# Debt Data Time Series

This script seeks to grab the subset of relevant variables from each year, so that we have a set across all years that can be readily merged with the TEL/ACS data.

In [2]:
import numpy as np
import pandas as pd
from pandas import Series, DataFrame
import glob

## What are the common variables?

The first thing we will do is see if we can get what we need from just the common variables across all sets.  There are a few reasons why variables may not align every year:

1. Reuters doesn't offer the entire set of variables every year;
2. Variable names with long words may have been hyphenated in different ways across years;
3. If variables appeared more than once, the parsing routine appended the variable position to the name to create a unique variable.  If the position varies across years, so will the variable name.

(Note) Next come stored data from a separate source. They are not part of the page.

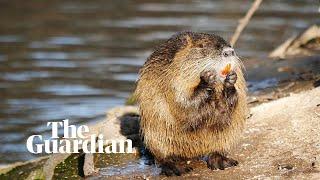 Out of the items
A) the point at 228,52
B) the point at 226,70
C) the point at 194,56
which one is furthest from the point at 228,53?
the point at 194,56

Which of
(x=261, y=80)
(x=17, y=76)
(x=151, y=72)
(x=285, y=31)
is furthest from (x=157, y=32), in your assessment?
(x=151, y=72)

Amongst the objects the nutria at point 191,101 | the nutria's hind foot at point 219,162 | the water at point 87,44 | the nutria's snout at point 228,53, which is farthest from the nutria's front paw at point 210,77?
the water at point 87,44

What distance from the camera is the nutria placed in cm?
569

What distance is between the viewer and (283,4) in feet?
56.6

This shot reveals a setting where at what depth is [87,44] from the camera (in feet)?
46.0

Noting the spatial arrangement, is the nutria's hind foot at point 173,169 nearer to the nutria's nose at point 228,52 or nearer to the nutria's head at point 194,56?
the nutria's head at point 194,56

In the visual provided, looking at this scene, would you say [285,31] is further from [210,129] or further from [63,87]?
[210,129]

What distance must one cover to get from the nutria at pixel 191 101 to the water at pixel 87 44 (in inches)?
125

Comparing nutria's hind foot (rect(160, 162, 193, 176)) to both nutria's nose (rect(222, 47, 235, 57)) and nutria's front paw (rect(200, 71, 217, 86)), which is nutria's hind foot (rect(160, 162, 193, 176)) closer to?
nutria's front paw (rect(200, 71, 217, 86))

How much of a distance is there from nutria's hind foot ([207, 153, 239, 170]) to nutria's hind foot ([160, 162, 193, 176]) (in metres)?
0.15

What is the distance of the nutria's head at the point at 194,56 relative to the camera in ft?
18.4

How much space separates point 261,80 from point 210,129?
3.68 meters

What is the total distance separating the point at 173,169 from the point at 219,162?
331mm

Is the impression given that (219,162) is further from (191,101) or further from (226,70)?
(226,70) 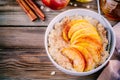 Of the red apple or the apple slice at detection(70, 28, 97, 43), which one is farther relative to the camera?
the red apple

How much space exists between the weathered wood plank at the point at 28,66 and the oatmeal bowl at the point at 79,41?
5cm

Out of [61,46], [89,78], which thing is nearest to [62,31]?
[61,46]

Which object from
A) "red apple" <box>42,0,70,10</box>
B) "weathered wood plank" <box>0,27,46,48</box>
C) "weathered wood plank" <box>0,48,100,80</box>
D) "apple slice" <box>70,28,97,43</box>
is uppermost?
"red apple" <box>42,0,70,10</box>

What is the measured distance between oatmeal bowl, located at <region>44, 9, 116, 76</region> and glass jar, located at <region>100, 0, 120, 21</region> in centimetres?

To grab the columns in lightweight fashion, we will just read in the first couple lines for each set.

In [8]:
files[0][13:-4]

'1988to1989'

In [11]:
#Grab list of files
files=glob.glob('../debt_data/*.csv')

#Create a dictionary to hold columns from each year
col_dict={}

#For each file...
for f in files:
    #...read in the first couple rows...
    tmp_df=pd.read_csv(f,nrows=2)
    #...capture the columns...
    col_dict.update({f[13:-4]:list(tmp_df.columns)})
    #...and dump the partial data set
    del tmp_df
    
#Create a container for the variable sets within each file
var_sets=[]

#For each file...
for f in col_dict.keys():
    #...add the variable set to var_sets
    var_sets.append(set(col_dict[f]))
    
#Capture the intersection of variables across all years
common_vars=sorted(list(set.intersection(*var_sets)))

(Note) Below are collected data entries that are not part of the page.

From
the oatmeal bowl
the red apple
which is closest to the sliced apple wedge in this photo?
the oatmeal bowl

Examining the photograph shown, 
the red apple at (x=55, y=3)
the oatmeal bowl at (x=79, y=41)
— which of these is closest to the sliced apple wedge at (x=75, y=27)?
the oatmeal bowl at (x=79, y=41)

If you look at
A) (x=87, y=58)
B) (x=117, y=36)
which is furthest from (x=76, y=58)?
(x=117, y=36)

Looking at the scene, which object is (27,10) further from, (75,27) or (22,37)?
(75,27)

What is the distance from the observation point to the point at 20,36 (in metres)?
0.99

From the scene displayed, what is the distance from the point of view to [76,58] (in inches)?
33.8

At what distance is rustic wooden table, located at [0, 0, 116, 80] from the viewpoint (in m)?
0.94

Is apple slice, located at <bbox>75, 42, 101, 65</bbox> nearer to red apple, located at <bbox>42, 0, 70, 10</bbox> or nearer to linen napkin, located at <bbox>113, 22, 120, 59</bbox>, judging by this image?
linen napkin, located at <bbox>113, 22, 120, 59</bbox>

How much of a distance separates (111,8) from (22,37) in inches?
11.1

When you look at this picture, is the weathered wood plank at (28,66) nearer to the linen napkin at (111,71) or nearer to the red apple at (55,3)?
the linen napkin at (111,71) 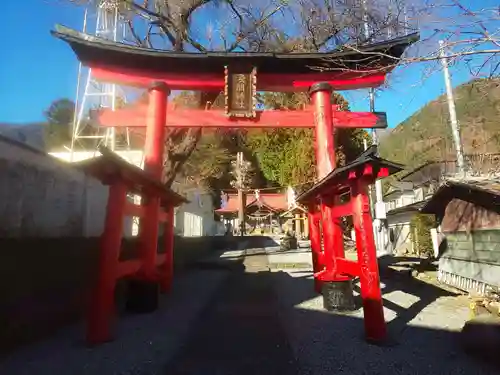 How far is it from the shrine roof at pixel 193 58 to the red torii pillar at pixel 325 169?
64cm

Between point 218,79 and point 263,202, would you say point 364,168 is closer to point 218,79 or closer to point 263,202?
point 218,79

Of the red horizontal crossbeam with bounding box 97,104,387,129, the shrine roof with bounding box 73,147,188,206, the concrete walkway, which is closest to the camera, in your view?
the concrete walkway

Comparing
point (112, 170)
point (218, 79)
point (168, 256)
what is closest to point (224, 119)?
point (218, 79)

print 'There are '+str(len(common_vars))+' variables common to all sets.'
print common_vars

There are 254 variables common to all sets.
['# of Mgrs', '$ Amount of Highest Cpn Maturity', '144A FLAG', '501c3', '8-Digit CUSIP25', '8-Digit CUSIP26', 'Accumulator Amt ($ Mil)', 'All Use of Proceeds (Code)', 'All Use of Proceeds (Desc)', 'All Use of Proceeds (Number)', 'Amount at Maturity ($ mils)', 'Amount of Final Maturity ($mils)', 'Amount of Issue ($ mils)', 'Amount of Maturity ($ mils)', 'Ant- ici- pa- tion Type', 'Asset Backed Indicator Flag (Y/N)', 'Auction Rate', 'Aver- age Life', 'Average Take Down', 'Bank Qual', 'Beginning Price/ Yield', 'Beginning Serial Coupon', 'Beginning Serial Maturity', 'Bid', 'Bk Elig', 'Bk En- try', 'Bnk Mgd', 'Bond Buyer ALL UOP', 'Bond Buyer GO Index', 'Bond Buyer Region118', 'Bond Buyer Region119', 'Bond Buyer Rev. Index', 'Bond Buyer UOP142', 'Bond Buyer UOP143', 'Bond Buyer UOP30', 'Bond Counsel Deal(Y/N)', 'CD-ROM Number', 'CUSIP of Insti- tutional Backer', 'Call Date', 'Call Issue', 'Call Price', 'Callable at Par', 'Co-Managers', 'Comb. Gros

Ok, we are looking for aggregations of debt by county.  In particular, we want to capture activity by concepts:

1. Type of Debt (General Obligation or Revenue; latter can be split by )
2. Issuer Type (General purpose gov, school district, special district, or private entity)
3. Purpose of the Issue
4. Volume of Issue

For the latter two, we also want variables that split out GO versus revenue bonds.  For example, we would want to know the volume of GO debt issued by general purpose jurisdictions, or the revenue debt issued in service of transportation infrastructure.  The following table maps concepts to variables.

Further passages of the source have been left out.